(Reuters) – China has committed $6.5 billion to finance the construction of a major nuclear power project in Pakistan’s port city of Karachi as it seeks to strengthen ties with its strategic partner, Pakistani officials said.
Pakistani Prime Minister Nawaz Sharif broke ground on the $9.59 billion project last month but officials have provided few details of how they plan to finance it.
Financing documents seen by Reuters showed China National Nuclear Cooperation (CNNC) has promised to grant a loan of at least $6.5 billion to finance the project which will have two reactors with a capacity of 1,100 megawatts each.
Two members of the government’s energy team and three sources close to the deal confirmed this. CNNC was not available for comment.
“China has complete confidence in Pakistan’s capacity to run a nuclear power plant with all checks in place,” said Ansar Parvez, chairman of the Pakistan Atomic Energy Commission which runs the civilian nuclear program.
Parvez declined to give more details of the funding but said it would be completed by 2019 and each of the two reactors would be larger than the combined power of all nuclear reactors now operating in Pakistan.
As part of the deal, China has also waived a $250,000 insurance premium on the loan, said two sources in the Energy Ministry with knowledge of the project. They declined to be identified as they are not authorized to speak to the media about the financing.
Pakistan and China, both nuclear-armed nations, consider each other close friends and their ties have been underpinned by common wariness of India and a desire to hedge against U.S. influence in South Asia.
Pakistan sees nuclear energy as key to its efforts to solve power shortages that have crippled its economy. Pakistan generates about 11,000 MW of power while total demand is about 15,000 MW.
Blackouts lasting more than half a day in some areas have infuriated many Pakistanis and sparked violent protests, undermining an economy already beset by high unemployment, widespread poverty, crime and sectarian and insurgent violence.

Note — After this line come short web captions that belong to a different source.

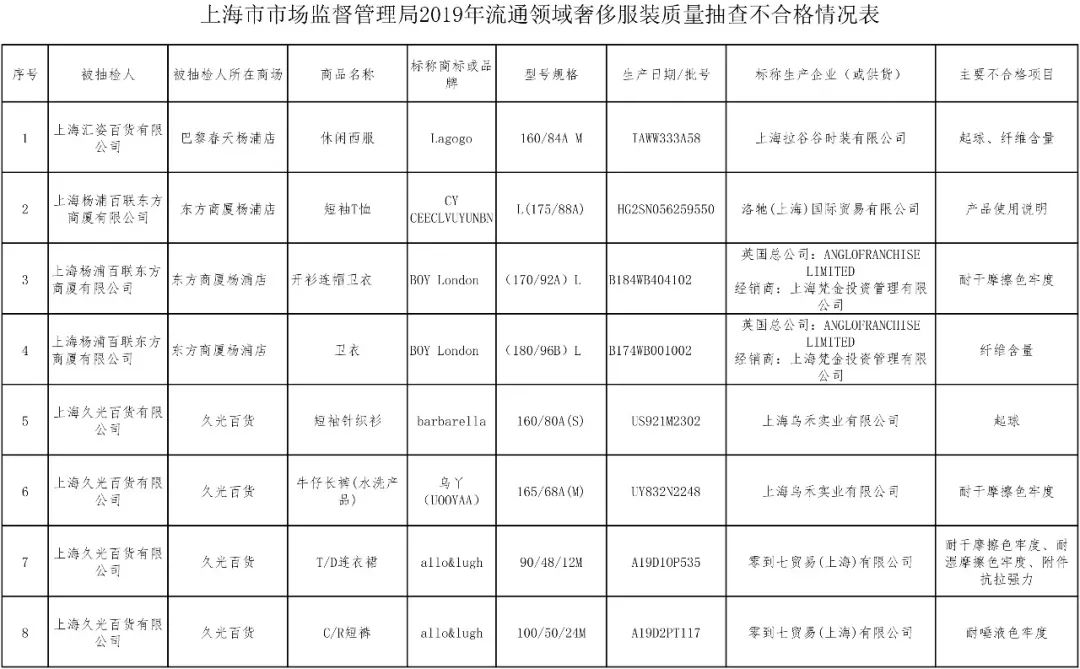 伦敦男孩衣服好不好,伦敦男孩衣服质量怎么样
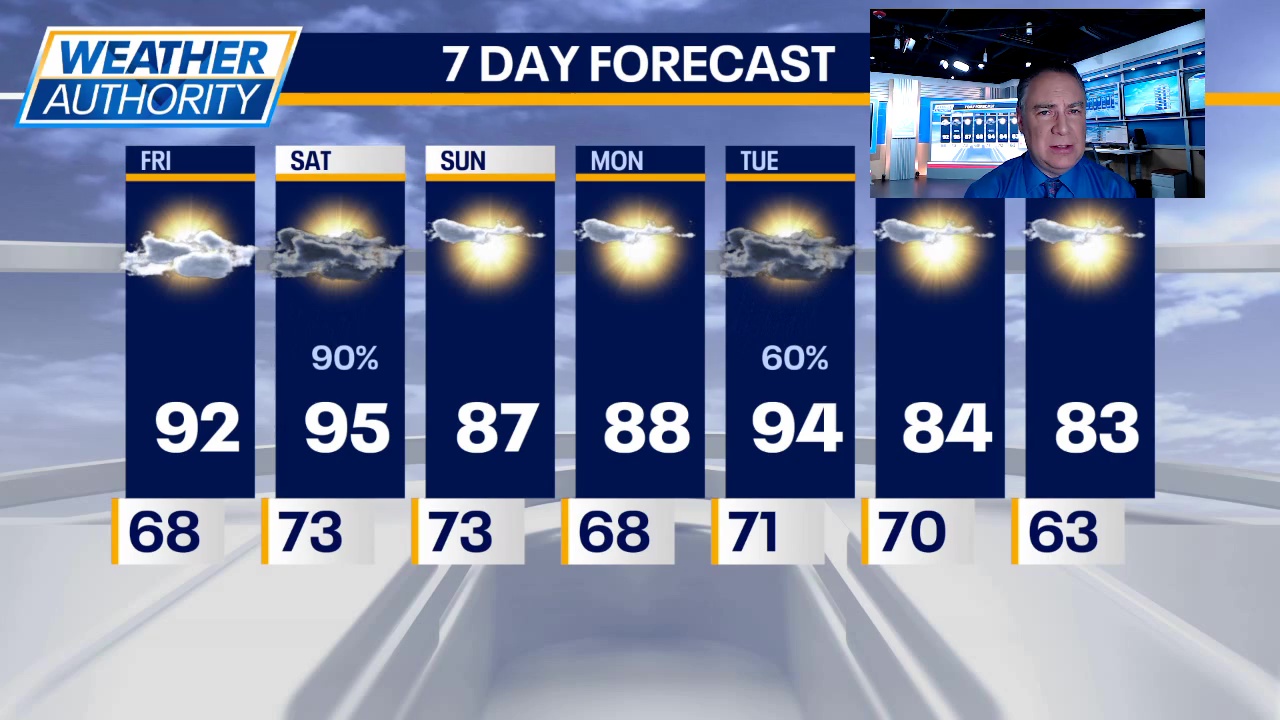 Chicago weather: Temps hit the 90s again away from the lake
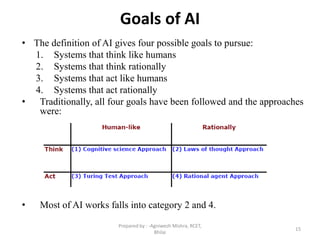 Goals of AI
• The definition of AI gives four possible goals to pursue:
1. Systems that think like humans
2. Systems that think rationally
3. Systems that act like humans
4. Systems that act rationally
• Traditionally, all four goals have been followed and the approaches
were:
• Most of AI works falls into category 2 and 4.
15
Prepared by : -Agniwesh Mishra, RCET,
Bhilai
 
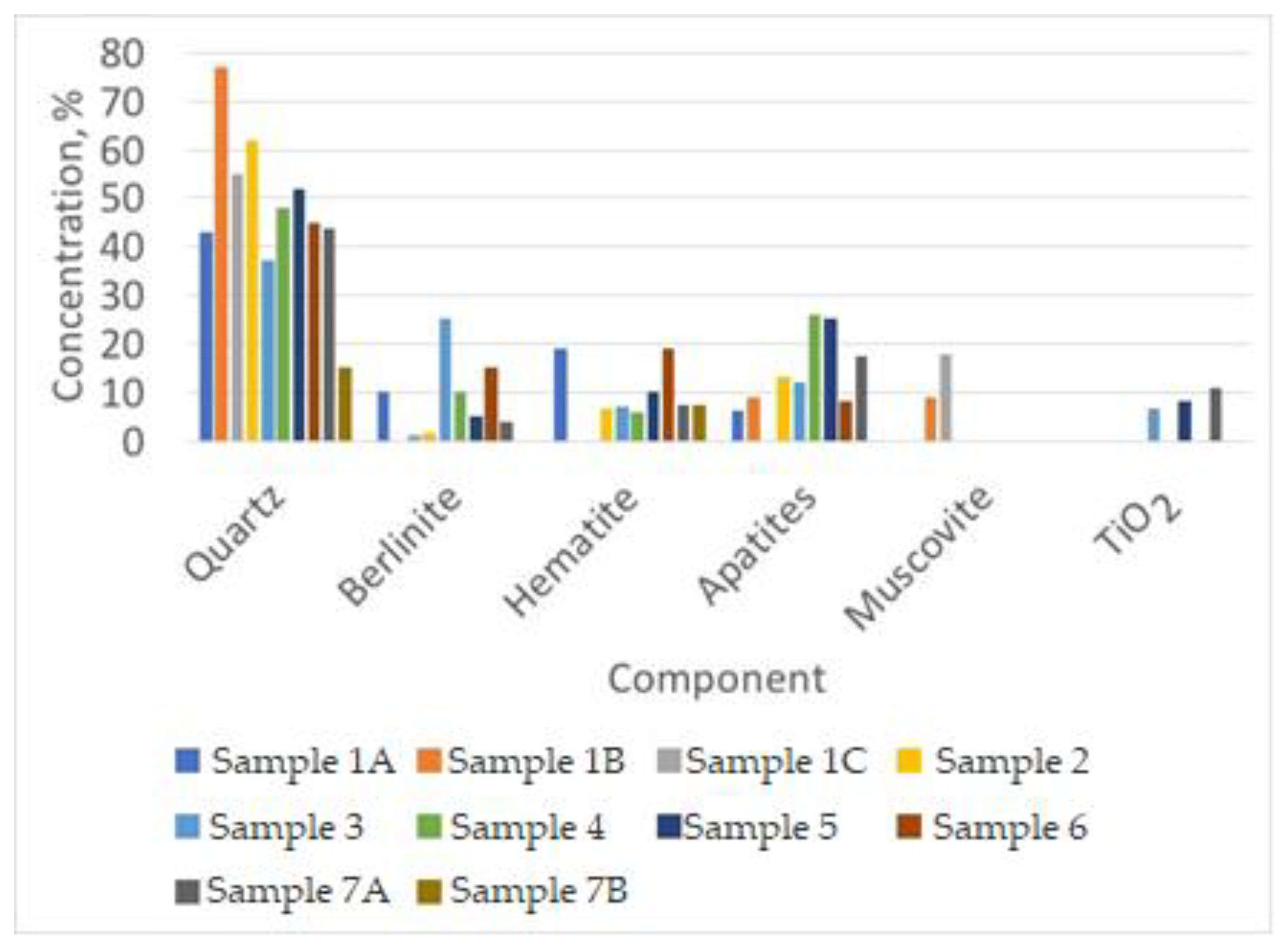 Coatings 13 00488 g002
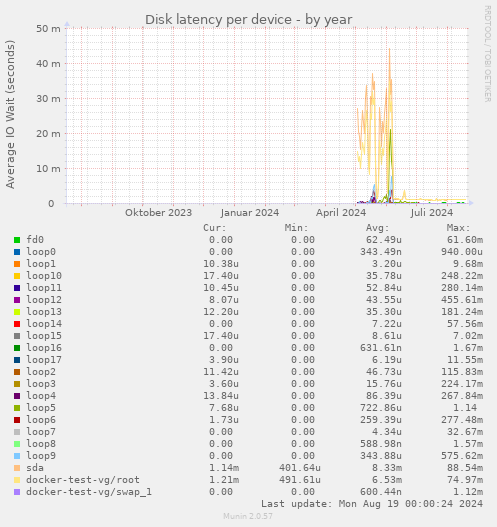 Disk latency per device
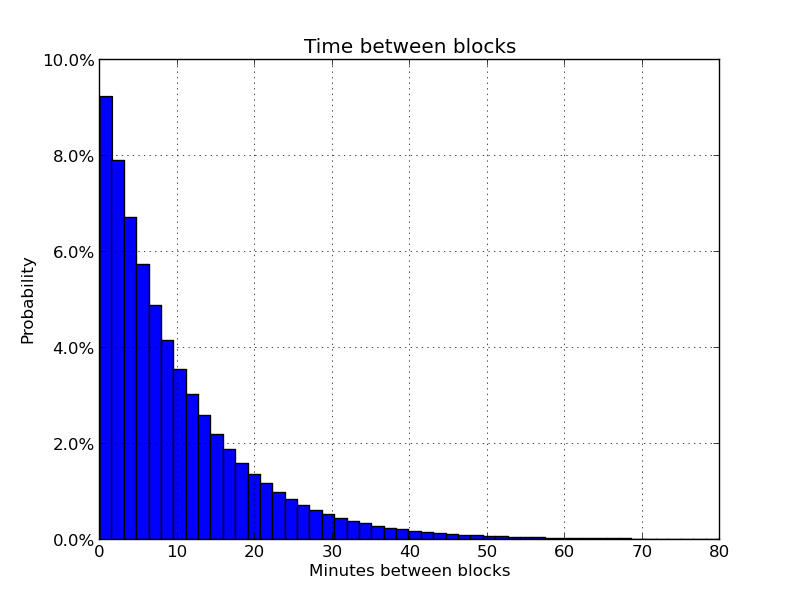 How Long do Bitcoin Transactions Take? - CoinCentral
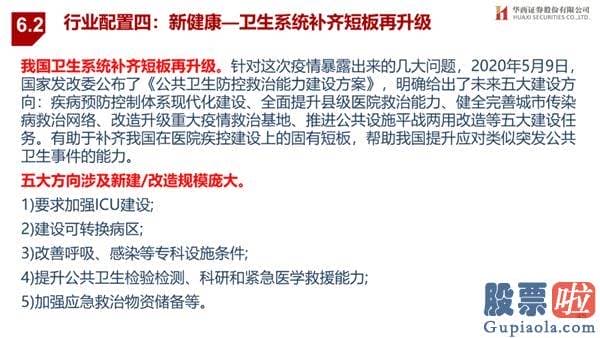 王吉柱股市行情分析预测图 销售市场演绎循环牛 布局“新五朵金花”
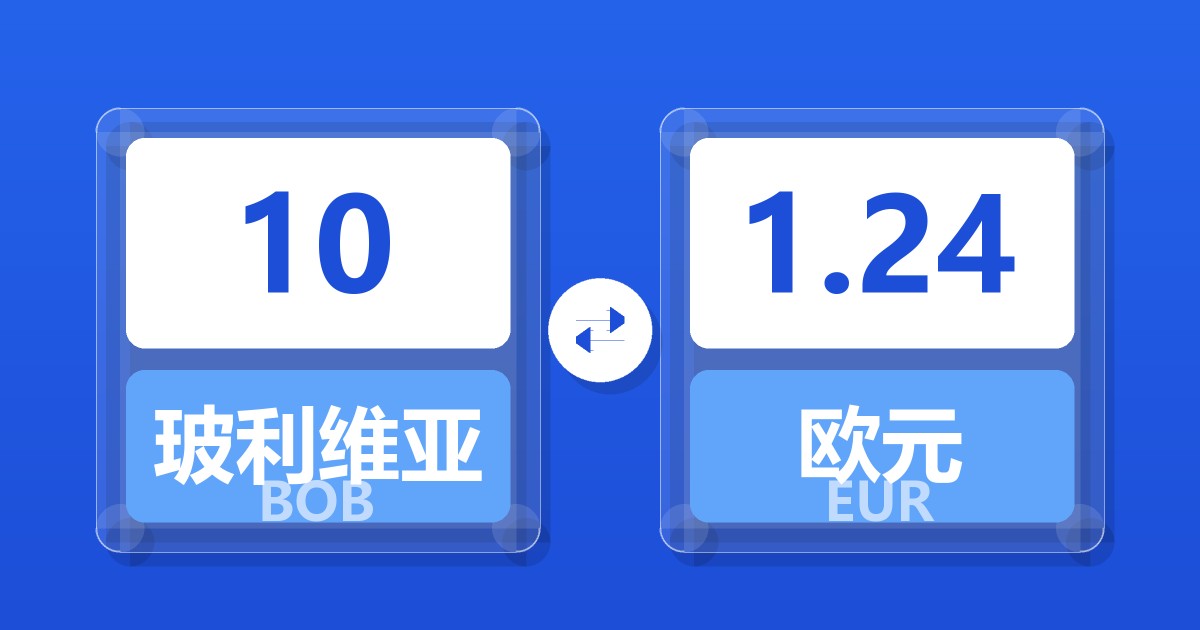 10玻利维亚诺兑欧元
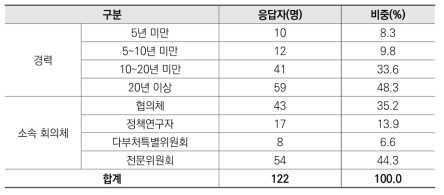 응답자 특성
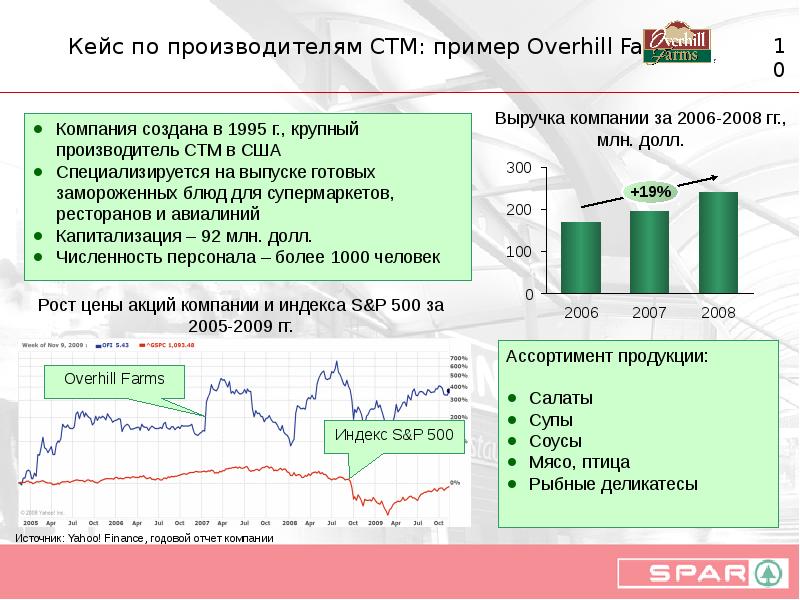 Стм проекты что это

Under its long-term energy plan, Pakistan hopes to produce more than 40,000 MW of electricity through nuclear plants by 2050.
The United States sealed a nuclear supply deal with India in 2008, irking both China and Pakistan.
Pakistan wants a similar agreement with the United States but it is reluctant, largely because Pakistani nuclear scientist Abdul Qadeer Khan admitted in 2004 to transferring nuclear secrets to North Korea, Iran and Iraq.
“There should be no double standards in terms of civilian nuclear deals,” Parvez said. “Pakistan has energy needs and the building of two new reactors should convince everyone that India’s embargos and restrictions won’t stop us.”
Pakistan carried out its first nuclear tests in 1998, soon after India conducted tests. Both refuse to join the Nuclear Non-proliferation Treaty, which would oblige them to scrap atomic weapons.
China has already helped supply two nuclear reactors at the Chashma nuclear power complex in Pakistan’s Punjab region, while another two are also under construction with Chinese assistance.
China’s nuclear cooperation with Pakistan has caused unease in Washington, Delhi and other capitals due to fears about commitment to nuclear non-proliferation rules.
China says its nuclear ties with Pakistan are entirely peaceful and come under International Atomic Energy Agency safeguards. It has not given details of the project’s financing but state media has put its total value at $9.59 billion.
“Bilateral cooperation in the energy sector is to help ameliorate Pakistan’s energy shortages,” Chinese Foreign Ministry spokeswoman Hua Chunying said on Monday. “This accords with the interests of the Pakistani people.”
Three prominent physicists recently raised questions about the safety, design and cost of the new reactors in Karachi, sparking a national debate.
“There is no official information about preparedness for a nuclear accident in Karachi that is available publicly,” said Zia Mian, a Pakistani-American physicist who directs the Project on Peace and Security in South Asia at Princeton University.
“The only real obstacle that may exist to the new reactors being built is if the citizens of Karachi decide they do not want to live with the risks these reactors create.”
But Pakistan’s new energy minister has dismissed the critics.
“Every 1,000 megawatts of electricity produced through nuclear energy saves you $1 billion in oil imports,” Khawaja Asif, the minister for water and power, told Reuters.
“If critics can give me alternatives and other platforms to raise money for low-cost, clean power, I’m willing to listen.”